Vertu, Gateshead car supergroup, tops £4.76bn revenue

Vertu CEO Robert Forrester

Gateshead-based Vertu Motors plc said its revenue rose 1.7% to £4.76 billion in the year ended February 28, 2025, with adjusted profit before tax falling 15.8% to £29.3 million.

Vertu is one of the UK’s six automotive retail “supergroups” that generate over £4 billion in annual turnover.

“Profits reduced year-on-year due to a weak new car retail market in the UK and pressures arising from the Government Zero Emission Vehicle (ZEV) mandate,” said Vertu.

“The Group outperformed the UK new retail market gaining market share including Battery Electric Vehicle (BEV) retail sales.”

Full year dividend fell to 2.05p per share from 2.35p. 

£4.8 million was returned to shareholders via a repurchase of 7.5 million shares during the year.

On its current trading and outlook, Vertu said: “Overall profits in March and April were ahead of prior year levels and this gives the Board confidence for the year ahead.

“The Group has undertaken a significant number of start-ups and acquisitions in recent periods which are on track to start to contribute in FY26.

“There remains considerable economic uncertainty in the UK, and the automotive sector generally, from the Government’s ZEV mandate, the economic impact of the Budget and the impact on Manufacturer Partners of the recent US tariffs on US auto imports.

“The Group is well positioned with stable management and a very strong balance sheet with low gearing to take advantage of opportunities as they arise.

“A £12m share buyback programme was announced in February 2025 and to 30 April 2025, £2.2m of this programme has been utilised in the purchase of 4.2m shares, leaving £9.8m to deploy.  These purchases will increase earnings per share and the Board remain committed to an ongoing buyback programme.”

Vertu Motors plc CEO Robert Forrester said: “With challenging market conditions during the Year which saw the lowest new retail car market for 25 years, we have focused on the things we can control and delivered increased new retail electric vehicle sales ahead of the market and strong performances in used cars and aftersales.  

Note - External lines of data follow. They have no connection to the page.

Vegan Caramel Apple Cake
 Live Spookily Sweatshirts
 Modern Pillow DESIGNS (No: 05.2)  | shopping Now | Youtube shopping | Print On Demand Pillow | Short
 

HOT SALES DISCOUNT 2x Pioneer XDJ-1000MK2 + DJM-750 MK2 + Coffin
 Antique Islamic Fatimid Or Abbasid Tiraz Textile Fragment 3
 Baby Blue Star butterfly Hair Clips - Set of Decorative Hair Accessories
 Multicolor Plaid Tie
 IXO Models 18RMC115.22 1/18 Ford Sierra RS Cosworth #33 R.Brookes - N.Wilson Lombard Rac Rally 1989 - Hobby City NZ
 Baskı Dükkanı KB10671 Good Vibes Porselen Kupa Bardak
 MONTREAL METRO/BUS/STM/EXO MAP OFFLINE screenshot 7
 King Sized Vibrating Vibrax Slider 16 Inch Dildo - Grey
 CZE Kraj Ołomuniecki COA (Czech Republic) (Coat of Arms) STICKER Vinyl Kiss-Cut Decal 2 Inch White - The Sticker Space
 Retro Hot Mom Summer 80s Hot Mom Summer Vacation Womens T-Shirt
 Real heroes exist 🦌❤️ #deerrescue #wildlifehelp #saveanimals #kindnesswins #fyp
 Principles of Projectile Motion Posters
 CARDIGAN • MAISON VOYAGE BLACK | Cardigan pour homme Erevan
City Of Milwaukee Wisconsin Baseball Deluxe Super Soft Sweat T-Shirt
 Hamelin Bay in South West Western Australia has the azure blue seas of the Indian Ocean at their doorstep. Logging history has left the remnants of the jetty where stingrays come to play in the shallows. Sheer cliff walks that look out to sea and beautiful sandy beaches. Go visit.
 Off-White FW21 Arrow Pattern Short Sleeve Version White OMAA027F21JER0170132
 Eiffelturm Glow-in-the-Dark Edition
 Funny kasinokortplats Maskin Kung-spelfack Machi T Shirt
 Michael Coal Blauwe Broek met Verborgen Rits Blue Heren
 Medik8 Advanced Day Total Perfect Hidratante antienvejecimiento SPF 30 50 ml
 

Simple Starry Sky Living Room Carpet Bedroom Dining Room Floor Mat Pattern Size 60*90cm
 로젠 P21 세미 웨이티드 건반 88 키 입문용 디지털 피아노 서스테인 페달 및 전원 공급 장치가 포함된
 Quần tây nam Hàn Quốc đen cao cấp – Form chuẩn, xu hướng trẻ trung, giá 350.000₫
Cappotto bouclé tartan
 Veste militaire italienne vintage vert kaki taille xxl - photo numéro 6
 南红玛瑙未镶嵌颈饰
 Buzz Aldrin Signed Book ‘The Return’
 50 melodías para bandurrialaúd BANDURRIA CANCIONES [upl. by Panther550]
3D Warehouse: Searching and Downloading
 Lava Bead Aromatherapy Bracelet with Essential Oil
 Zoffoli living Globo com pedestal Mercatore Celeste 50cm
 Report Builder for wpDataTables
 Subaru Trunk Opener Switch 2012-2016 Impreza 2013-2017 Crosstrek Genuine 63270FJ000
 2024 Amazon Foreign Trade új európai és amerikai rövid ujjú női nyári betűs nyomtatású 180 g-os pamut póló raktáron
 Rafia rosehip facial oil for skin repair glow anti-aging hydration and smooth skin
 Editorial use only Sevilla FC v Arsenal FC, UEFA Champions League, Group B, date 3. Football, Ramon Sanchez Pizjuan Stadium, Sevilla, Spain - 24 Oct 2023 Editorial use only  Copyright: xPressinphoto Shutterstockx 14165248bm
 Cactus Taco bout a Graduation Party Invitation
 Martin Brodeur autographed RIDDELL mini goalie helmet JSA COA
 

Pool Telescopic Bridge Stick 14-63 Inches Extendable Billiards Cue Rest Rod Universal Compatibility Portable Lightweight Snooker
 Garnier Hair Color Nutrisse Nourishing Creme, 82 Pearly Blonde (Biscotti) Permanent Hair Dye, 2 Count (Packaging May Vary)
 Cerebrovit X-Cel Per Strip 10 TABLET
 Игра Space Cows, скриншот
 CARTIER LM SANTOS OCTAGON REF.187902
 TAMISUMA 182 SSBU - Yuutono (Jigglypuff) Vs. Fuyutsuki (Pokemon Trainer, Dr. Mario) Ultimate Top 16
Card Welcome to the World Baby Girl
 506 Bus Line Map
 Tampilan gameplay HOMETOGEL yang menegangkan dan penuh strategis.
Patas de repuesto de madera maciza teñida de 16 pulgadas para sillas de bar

“In addition, cash generation was robust in the second half with net debt levels reduced compared to market expectations. In anticipation of Government related cost pressures effective 1 April 2025, the business undertook a significant cost reduction programme to fully offset the impacts and position the Group for the future.

“Trading in March and April has been stronger than the prior year, as the UK retail new car market improved from its lows and the Group continued to focus on operational excellence. Our high margin Aftersales business has sustained its robust performance.”